WHAT YOU SHOULD DO: When you return the data, keep every word exact and include none of the images.

COLLECTED MATERIAL:

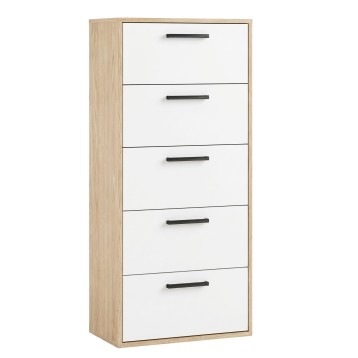 Cómoda de madera natural y blanco con cinco cajones y tiradores negros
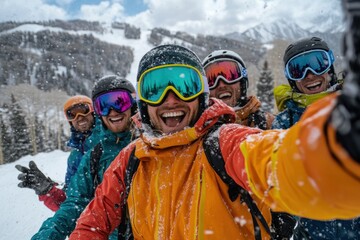 Skiing buddies taking a selfie amidst a snowy mountain backdrop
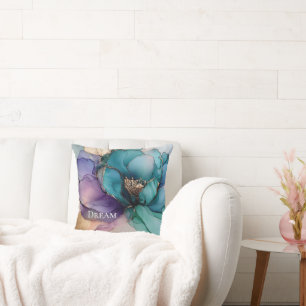 Aqua Blue Purple Gold Floral Throw Pillow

RESULT OF THE TASK:
 Cómoda de madera natural y blanco con cinco cajones y tiradores negros
 Skiing buddies taking a selfie amidst a snowy mountain backdrop
 Aqua Blue Purple Gold Floral Throw Pillow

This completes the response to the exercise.